For fans of hardline continuity, keeping up with the many versions of different heroes and how they fit together can be frustrating.
But for those more casual fans looking to find new adventures featuring their favorite characters from movies and television, a somewhat bespoke approach to superheroes, where everyone can indulge their preferred version and find something that fits the way they see a given hero, can offer a much easier gateway into the mythos of superhero narratives that have been running, in some cases, as far back as the '30s.
In some ways, the idea that each writer who tells their tale of a given hero also puts their own spin on the hero's story, personality, and powers is a perfect and natural extension of the classical tradition of oral storytelling that dates back to the earliest days of humanity's fascination with gods and monsters - bringing the idea of superheroes who vary slightly from telling to telling even closer to the popular conception of superheroes as our so-called 'modern mythology'.
DC has gone so far as to make the idea of disconnecting heroes from their core narratives a literal, spelled-out part of their current 'Infinite Frontier' era, in which writers can pick and choose how they want to address past and even in some cases present tales of their characters, and every iteration and story relating to heroes like Batman, Wonder Woman, and Superman are considered 'real' parts of their story that exist somewhere in the DC Omniverse, to be tapped into at any given moment.
For example, even the timelines of the impending 'Death of the Justice League' and Dark Crisis are somewhat in question, as both stories' writer Josh Williamson has tweeted that the two stories take place somewhere in the nebulous "future of the DCU" - meaning DC is leaving plenty of room to keep publishing comics about Bruce Wayne, Diana, Clark Kent, and the rest of the core League members who will seemingly die in the interim, as mainstream DC continuity catches up to whenever "a bit in the future" actually arrives.

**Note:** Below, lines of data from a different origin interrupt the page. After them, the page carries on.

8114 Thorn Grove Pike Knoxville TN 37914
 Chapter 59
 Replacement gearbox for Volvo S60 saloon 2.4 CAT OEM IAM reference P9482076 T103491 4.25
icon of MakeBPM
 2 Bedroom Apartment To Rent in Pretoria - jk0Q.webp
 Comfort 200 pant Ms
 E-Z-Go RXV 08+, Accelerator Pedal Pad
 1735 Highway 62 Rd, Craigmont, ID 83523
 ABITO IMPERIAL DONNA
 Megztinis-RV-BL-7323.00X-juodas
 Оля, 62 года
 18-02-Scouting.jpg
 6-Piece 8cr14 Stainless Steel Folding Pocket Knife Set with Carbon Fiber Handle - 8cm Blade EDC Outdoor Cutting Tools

(By the way, we're also still waiting to see how or if previous future-set DC stories such as Future's End and Future State may catch up to the current DC timeline - with those 'Futures' edging further and further away).
For that matter, fans are already being conditioned to expect a return for the League in some fashion, with recent DC marketing pivoting to calling the team "lost" and must be "saved". That death-and-return cycle has been the norm as far back as 'The Death of Superman,' which, incidentally, was itself a massive driver of bringing fans from outside comics into the medium to buy copies of Superman #75 back in the early '90s.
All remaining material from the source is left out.